Stored data
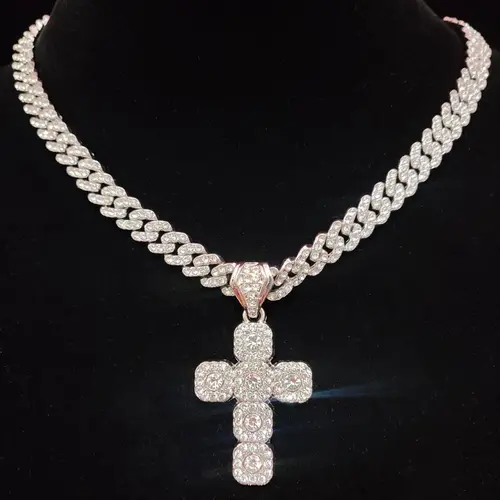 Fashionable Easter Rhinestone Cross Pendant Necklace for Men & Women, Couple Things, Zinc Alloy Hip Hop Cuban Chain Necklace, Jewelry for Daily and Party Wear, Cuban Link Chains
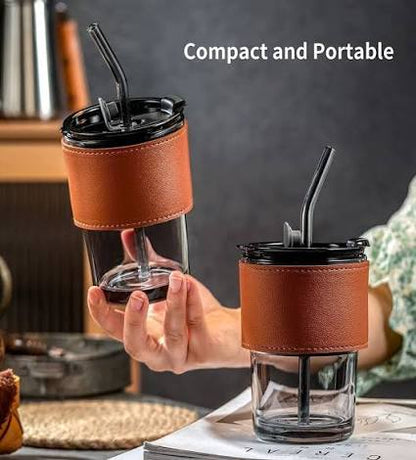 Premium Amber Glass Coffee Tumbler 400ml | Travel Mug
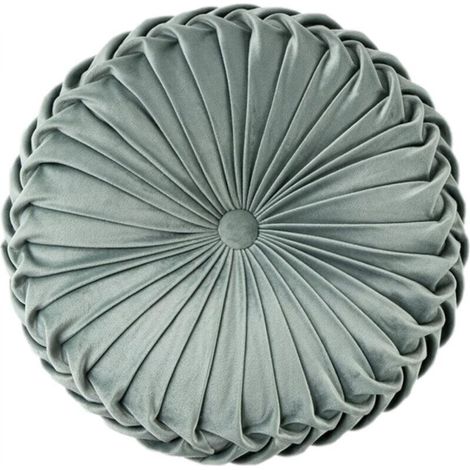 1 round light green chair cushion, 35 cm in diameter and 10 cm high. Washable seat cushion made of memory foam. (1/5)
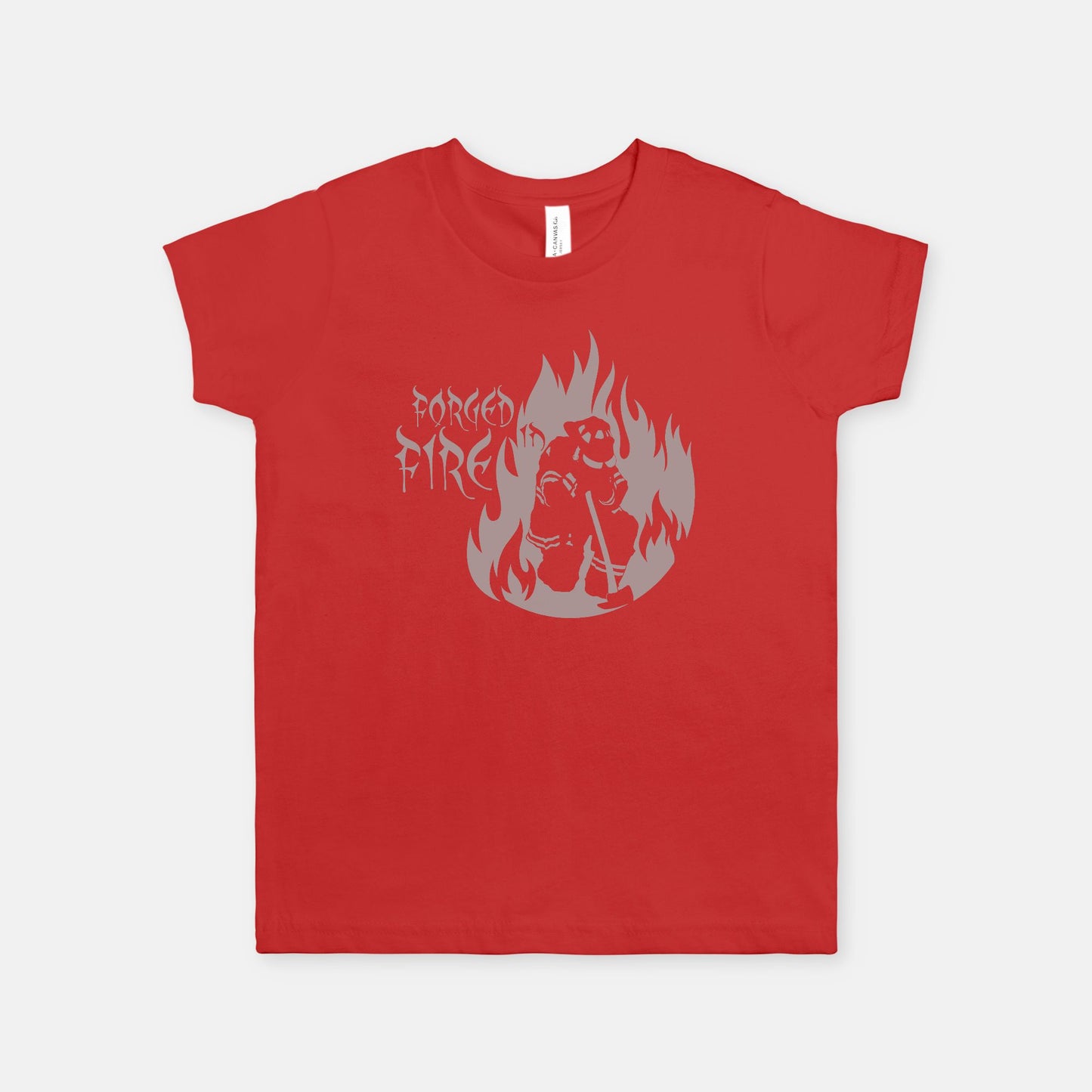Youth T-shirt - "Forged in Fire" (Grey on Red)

* * *

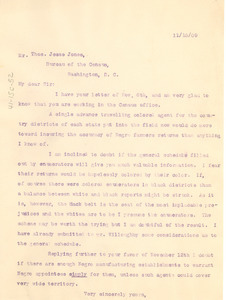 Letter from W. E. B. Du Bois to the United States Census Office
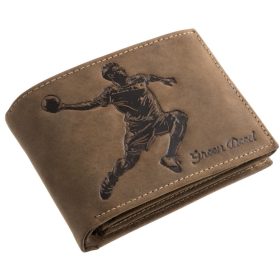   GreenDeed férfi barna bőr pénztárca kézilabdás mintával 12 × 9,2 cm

What needs to be done
An exact copy of the lines above from the one with "Fashionable Easter Rhinestone" up to and including the one with "(Grey on Red)" is required; reproduce only those lines, omitting all pictures.

Completed task
 Fashionable Easter Rhinestone Cross Pendant Necklace for Men & Women, Couple Things, Zinc Alloy Hip Hop Cuban Chain Necklace, Jewelry for Daily and Party Wear, Cuban Link Chains
 Premium Amber Glass Coffee Tumbler 400ml | Travel Mug
 1 round light green chair cushion, 35 cm in diameter and 10 cm high. Washable seat cushion made of memory foam. (1/5)
Youth T-shirt - "Forged in Fire" (Grey on Red)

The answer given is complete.